Yangın söndürme cihazlarının projelendirmesi ve servis hizmetlerini yapan işyerinde 6 yıldır çalışan işçi, SGK priminin gerçek maaş üzerinden gösterilmesi talebi reddedildi.
Bu gerekçeyle istifa ederek fesih hakkını kullanan işçiye, tazminat ve bazı ücret hakları ödenmedi.
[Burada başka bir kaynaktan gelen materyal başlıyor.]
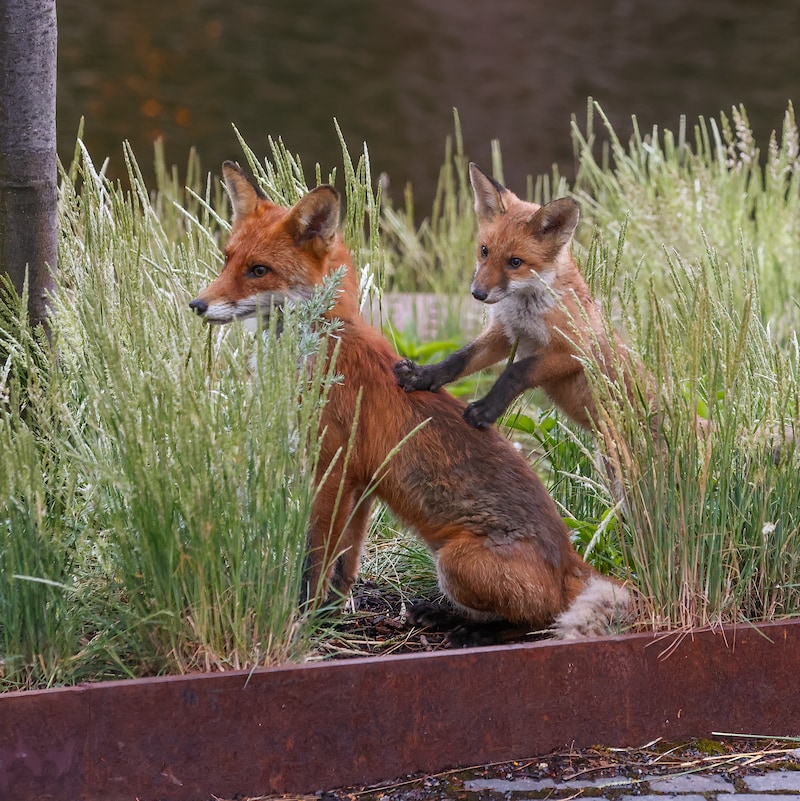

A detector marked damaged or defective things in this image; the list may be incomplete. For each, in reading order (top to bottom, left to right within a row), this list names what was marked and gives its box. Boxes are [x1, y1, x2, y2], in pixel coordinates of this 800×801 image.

rusty metal edging [1, 620, 800, 800] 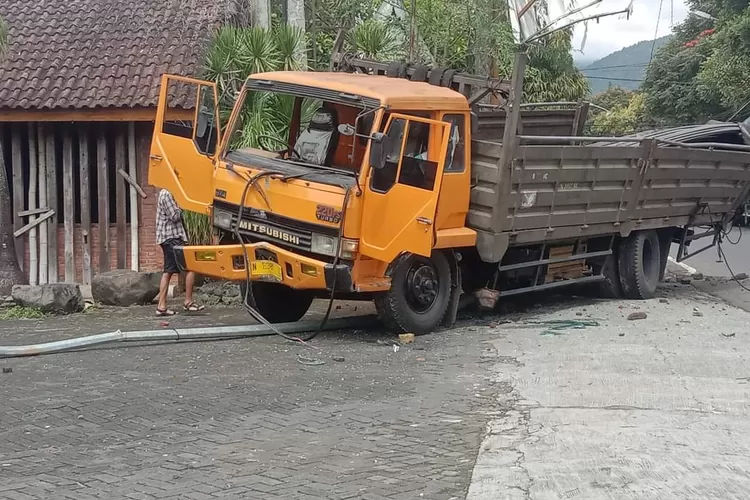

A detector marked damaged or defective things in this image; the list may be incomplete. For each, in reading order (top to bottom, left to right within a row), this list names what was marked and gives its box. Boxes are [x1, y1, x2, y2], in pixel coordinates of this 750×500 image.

damaged orange truck [147, 54, 750, 334] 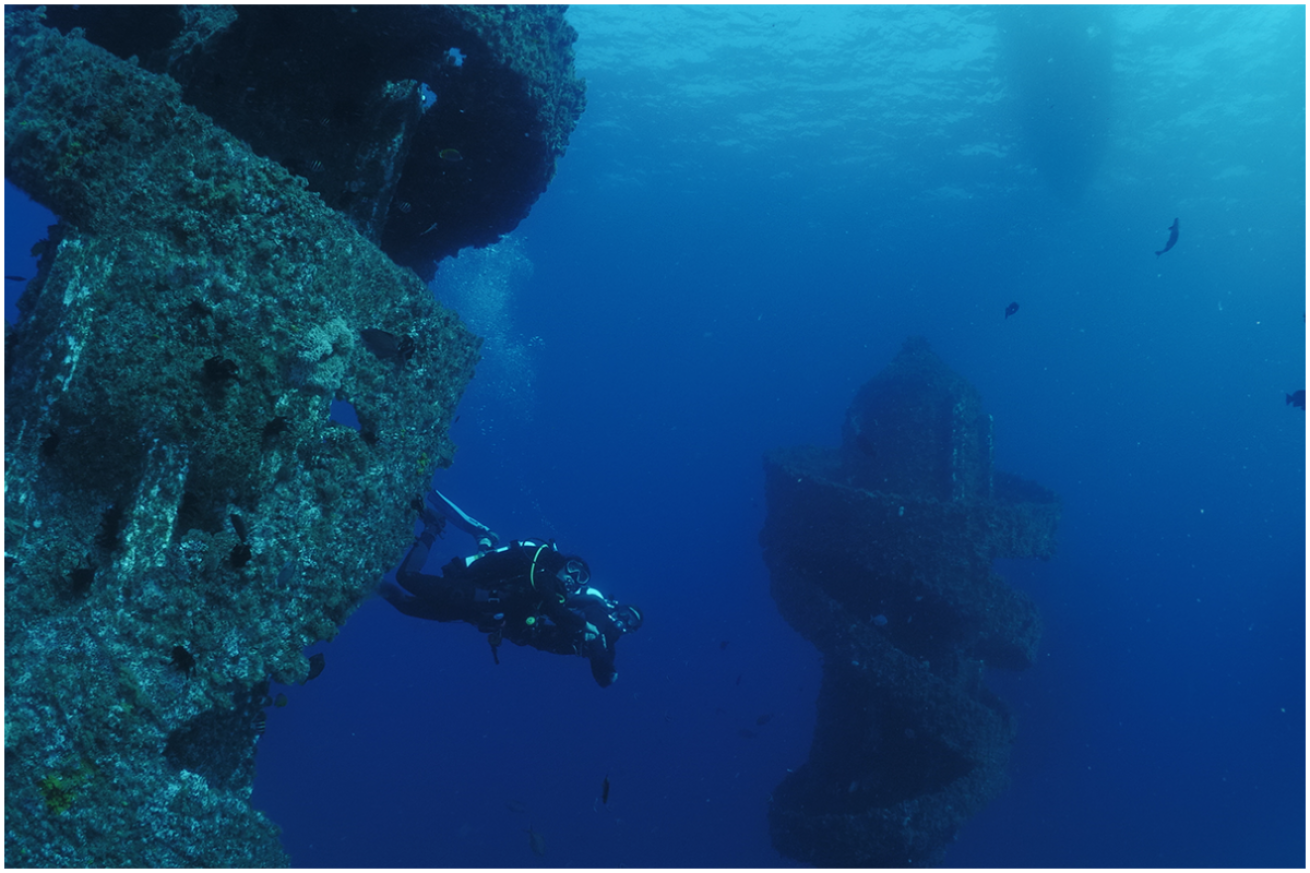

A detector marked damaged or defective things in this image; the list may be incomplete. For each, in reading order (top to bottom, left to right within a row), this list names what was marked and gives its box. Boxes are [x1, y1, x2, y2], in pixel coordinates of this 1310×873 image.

corroded shipwreck structure [3, 6, 580, 864]
corroded shipwreck structure [764, 336, 1064, 864] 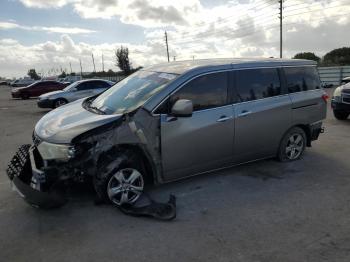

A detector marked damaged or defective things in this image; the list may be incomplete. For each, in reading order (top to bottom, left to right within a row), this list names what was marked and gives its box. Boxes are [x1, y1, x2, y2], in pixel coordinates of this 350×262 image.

crushed bumper [5, 144, 66, 208]
broken headlight [37, 141, 75, 160]
crumpled front hood [34, 99, 121, 143]
damaged nissan quest [6, 58, 328, 208]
İş mahkemesi dava sonunda işçiyi haklı buldu. Mahkeme, işçinin sigorta primlerinin gerçek ücret üzerinden yatırılması temelindeki isteği karşısında, iş sözleşmesinin işveren tarafından haksız şekilde feshedildiği gerekçesi ile işçiyi haklı buldu. İşçinin SGK ücret bildiriminin gerçek ücreti üzerinden yapılması talebinin karşılanmaması üzerine, iş akdinin davacı işçi tarafından feshedildiğine dikkat çekildi. Haklı fesih nedeniyle ayrılma hakkını kullanan işçinin kıdem tazminatı ve diğer haklı alacaklarının ödenmesine karar verdi.
Patronun itirazı sonuç vermedi ve Yargıtay 9. Hukuk Dairesi de emsal bir karar oluşturdu.